Les subventions accordées par la Législature aux entreprises de voies ferrées ont eu pour effet de créer et de compléter un réseau provincial de chemins de fer qui nous donnent aujourd’hui les moyens de communication les plus directs non seulement avec les différentes parties de notre Province, mais encore avec les autres Provinces et le grand pays qui nous avoisine.

L’état des recettes du chemin de fer que la Province a construit, vous sera soumis. Cet état est très satisfaisant et vous servira pour apprécier l’action que mon gouvernement doit prendre pour l’exploitation future de cette grande entreprise.

La législation sur les mines, introduite à la dernière session, a déjà produit d’excellents effets qui ne peuvent que se développer.

Vous verrez par le rapport de l’honorable Commissaire des Terres de la Couronne, que les recettes de son Département, ont été considérables et devront excéder de beaucoup, pour l’année courante, celles des années passées. La vente des limites à bois qui a eu lieu est la plus importante et la plus productive qui ait jamais été faite.

Les ministères ont pu s’installer cette année dans nos édifices nouveaux, dont l’imposante grandeur est une solennelle affirmation de nos institutions provinciales et de l’importance que notre population attache au maintien absolu de notre système fédéral.

Peu de mesures d’un caractère public vous seront soumises à cette session. La législation de la dernière session a été considérable et rencontre pour le moment les besoins du service public.

Je suis heureux de constater la création simultanée de tant de choses susceptibles de contribuer à la prospérité générale de notre pays, et c’est une tâche plus agréable pour moi d’avoir à vous énumérer, comme je viens de le faire, ce que mon gouvernement s’est efforcé d’accomplir pour le bien de tous, que de vous proposer des innovations dans nos lois.

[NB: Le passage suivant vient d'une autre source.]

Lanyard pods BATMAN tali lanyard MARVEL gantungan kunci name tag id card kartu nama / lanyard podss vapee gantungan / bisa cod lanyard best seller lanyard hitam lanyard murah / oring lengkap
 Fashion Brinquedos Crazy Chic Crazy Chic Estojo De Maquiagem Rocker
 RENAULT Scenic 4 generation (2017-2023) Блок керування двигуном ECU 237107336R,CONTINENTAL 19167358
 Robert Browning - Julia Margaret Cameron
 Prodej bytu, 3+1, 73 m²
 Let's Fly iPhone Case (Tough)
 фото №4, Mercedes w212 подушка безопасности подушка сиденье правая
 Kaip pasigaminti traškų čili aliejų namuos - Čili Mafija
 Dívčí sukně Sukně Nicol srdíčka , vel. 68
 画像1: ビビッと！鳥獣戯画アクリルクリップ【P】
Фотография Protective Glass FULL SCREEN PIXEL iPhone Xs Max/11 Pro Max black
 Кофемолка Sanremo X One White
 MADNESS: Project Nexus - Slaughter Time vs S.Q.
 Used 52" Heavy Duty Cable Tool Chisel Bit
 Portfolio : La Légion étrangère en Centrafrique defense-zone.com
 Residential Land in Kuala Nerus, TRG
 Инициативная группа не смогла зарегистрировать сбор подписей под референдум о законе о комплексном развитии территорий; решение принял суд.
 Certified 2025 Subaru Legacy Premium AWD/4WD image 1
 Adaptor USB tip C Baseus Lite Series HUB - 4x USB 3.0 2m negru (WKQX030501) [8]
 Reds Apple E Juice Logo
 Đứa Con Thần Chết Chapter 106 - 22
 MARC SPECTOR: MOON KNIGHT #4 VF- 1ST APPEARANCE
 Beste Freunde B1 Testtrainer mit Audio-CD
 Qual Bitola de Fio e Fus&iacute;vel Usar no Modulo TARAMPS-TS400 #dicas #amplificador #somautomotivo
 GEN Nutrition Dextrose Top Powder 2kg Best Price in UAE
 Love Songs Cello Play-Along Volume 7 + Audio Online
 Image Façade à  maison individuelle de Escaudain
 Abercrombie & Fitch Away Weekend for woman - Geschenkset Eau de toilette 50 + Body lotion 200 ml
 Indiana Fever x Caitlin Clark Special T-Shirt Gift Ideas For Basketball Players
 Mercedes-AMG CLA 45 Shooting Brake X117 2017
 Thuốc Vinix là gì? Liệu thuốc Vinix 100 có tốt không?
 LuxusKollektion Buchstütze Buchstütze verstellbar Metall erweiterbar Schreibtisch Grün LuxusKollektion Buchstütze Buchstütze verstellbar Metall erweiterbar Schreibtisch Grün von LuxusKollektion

Vous aurez toutefois à considérer certaines mesures concernant l’administration de la justice, quelques amendements dans les lois de l’instruction publique et de l’agriculture, ainsi qu’une mesure pour la protection des ouvriers dans leur travail, leur salaire et leurs avances.

L’œuvre importante de la refonte des statuts est commencée par une commission organisée conformément à l’acte de la dernière session. Le pouvoir accordé à cette commission de changer le langage et l’ordre des statuts, et de suggérer des amendements, lui permet de rédiger les lois en un corps régulier et méthodique, et d’imprimer par là à cette refonte un caractère de permanence et de durée, qu’il eut été impossible d’attendre d’une simple révision des statuts. Il est dans la sphère des devoirs de cette commission de faire la recherche des matières qui sont du ressort de notre Législature. Cette étude, dans les circonstances, donne aux travaux de la commission une importance plus qu’ordinaire.

Un bill vous sera soumis pour étendre la durée des Parlements de la Province, et diminuer ainsi la fréquence des élections et les dépenses qu’elles occasionnent.

Le grand nombre de bills privés qui vous seront soumis est une preuve de la prospérité des affaires et de l’esprit d’entreprise qui règnent dans notre pays. L’industrie, les fabriques, et les compagnies de navigation et de chemins de fer devront retirer de cette législation des avantages dont nous aurons tous à nous féliciter.

Messieurs de l’Assemblée législative,

Les comptes publics de la dernière année fiscale, ainsi qu’un état des recettes et des dépenses pour l’année courante vous seront soumis.

Les estimés pour l’exercice fiscal de l’année prochaine, seront également déposés devant la Chambre pour son approbation. Ces estimés ont été préparés avec toute l’économie que peut permettre l’efficacité du service public.

Les subsides nécessaires au service du gouvernement de Sa Majesté vous seront demandés.

Honorables Messieurs du Conseil législatif,
Messieurs de l’Assemblée législative,

Je n’ai aucun doute que vous apporterez à toutes ces questions le soin dont vous avez déjà fait preuve dans l’accomplissement de vos devoirs parlementaires. Je fais des vœux pour que la divine Providence bénisse vos efforts et que le succès couronne vos travaux.